Those warnings are a sign that the developers invoking those methods failed to pay attention to the return types. The fact that there are lots of them means that failure was repeated lots of times.

The question to be asking is why, when the library offers a return type guaranteed to work right every time (size_type in the case of vector.size()), did the callers use something else? To put a finer, folksier point on it, why did they bring a five-pound bag when they knew full well someone might ask them to stuff ten pounds of something into it?

There are legitimate cases where you may well have a larger integer on hand that needs to be stuffed into a smaller space. When you encounter those situations, there are measures you can take to make sure it happens safely and without a compiler warning.

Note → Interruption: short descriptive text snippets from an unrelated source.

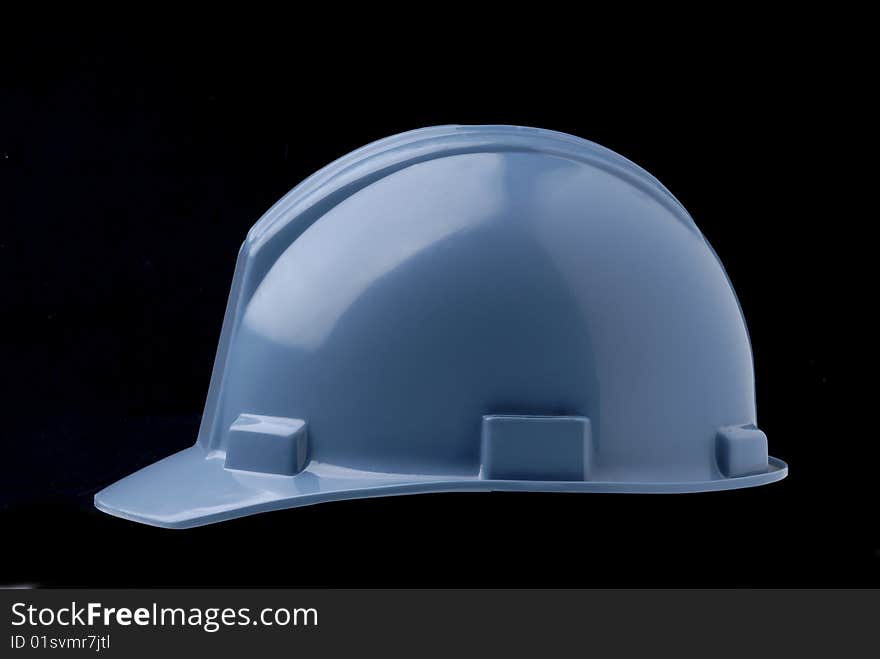 Blue Hard Hat shot on black background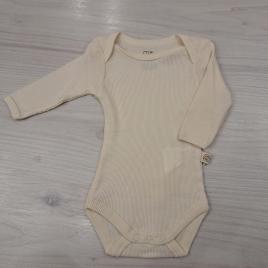 Oak+Pine Bordázott, hosszú ujjú baba body Krém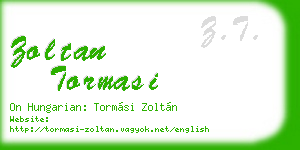 zoltan tormasi business card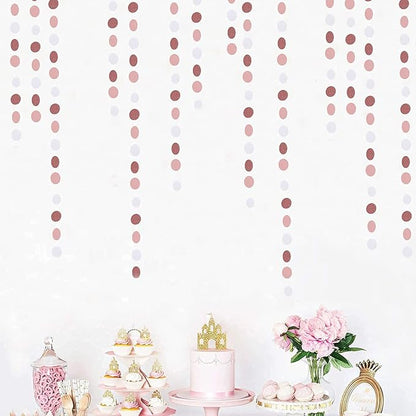 Rose-Gold Pink-White Party Decorations Paper-Garland - 52Ft Valentines Birthday - Image 6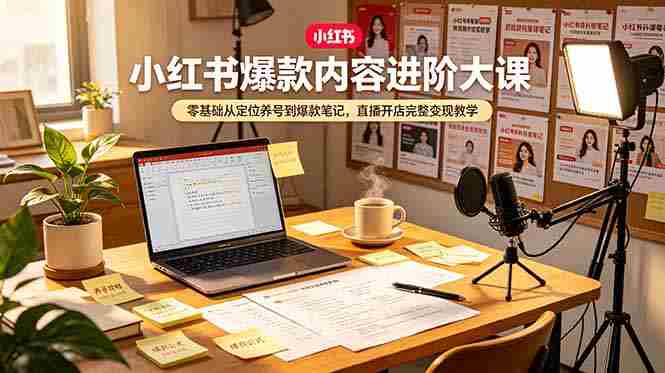 （19118期）小红书爆款内容进阶大课，零基础从定位养号到爆款笔记，直播开店完整变现教学-副业部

Now, this made me wonder, purely on a conceptual level, does this compiler warning actually make any sense for the 64bit size_t => 32bit type?

If you're writing conceptual code, it doesn't matter a bit. None of the code in my systems is conceptual, and compilers are tools for handling real code you intend to run. For that, it matters a lot.

Do you want your programs to sprout bugs?

size_t func() { return 4294967296; }
uint32_t returned;
returned = func();
if ( returned == 0 ) {
    // This block will be executed.  FAIL.
}

How about security problems?

BugHugeThing thing;
uint32_t how_big = sizeof thing;
BigHugeThing *other_thing = malloc(how_big);
// ...elsewhere...
memcpy(other_thing, &thing, sizeof *other_thing);  // Buffer overflow.  FAIL.

...truncating these values from 64bit to 32bit will produce erroneos results IFF the size in question > 4G. That's a lot, I mean really a lot for real world data counts.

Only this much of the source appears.